Il nous incombe donc, alors que nous célébrons l'anniversaire de la naissance de Mohammed ( ) le bien-aimé, de nous interroger sur la nature de notre relation avec lui et avec son message. En particulier, on doit nous demander s'il s'agit d'une relation permanente ou seulement occasionnelle ? Ou bien s'agit-il d'une relation d'amour sincère pour le Prophète ( ) dont l'impact se répercute sur notre comportement, nos mœurs et nos actions, relation comparable sinon identique à celle qui, jadis, existait entre le Prophète ( ) et ses Compagnons.
Exprimant son amour pour le Prophète ( ) un grand poète dit :
Tous les cœurs au bien-aimé aspirent, et j’ai pour cela des témoins et des preuves. Les preuves quand je mentionne le nom de Mohammed, ce sont les larmes des gnostiques coulant en fleuves. Voici le Messager d’Allah, Voici l’Elu ! Voici l’Envoyé du Seigneur des mondes.
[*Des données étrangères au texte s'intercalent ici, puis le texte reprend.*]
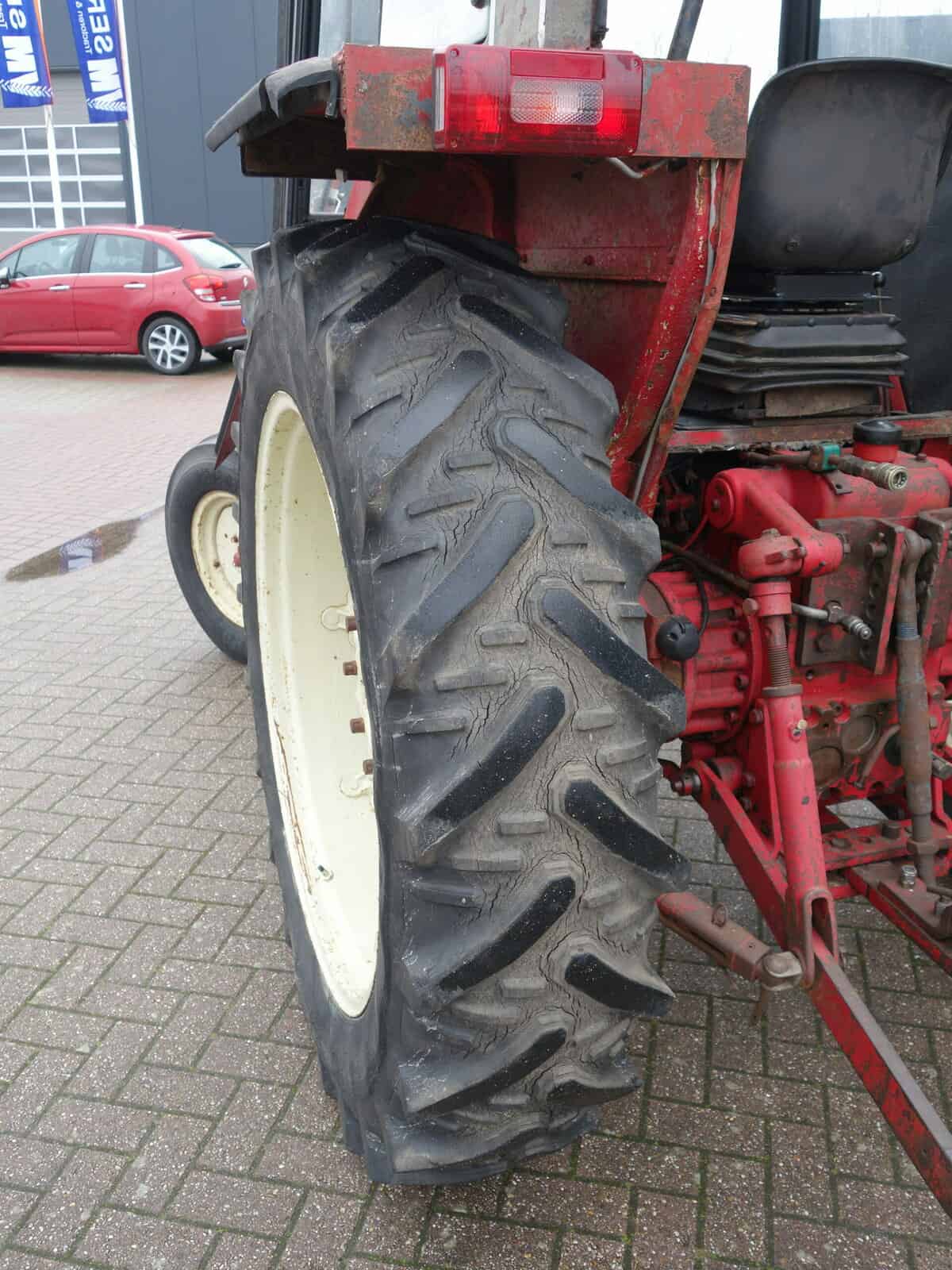 International 744 2wd - Afbeelding 20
Ô Messager d'Allah, ô étendard de la guidance ! L’amant au cœur embrasé vient chercher refuge dans ta citadelle.
Chers frères, avant de vous quitter nous vous rappelons la nécessité de multiplier prières et bénédictions sur l'Envoyé porteur de la lumière et par lequel le ciel et la terre ont été honorés ; car la prière pour le Prophète ( ) est une obligation, un acte de dévotion et un motif de satisfaction de notre Seigneur, exalté soit-Il.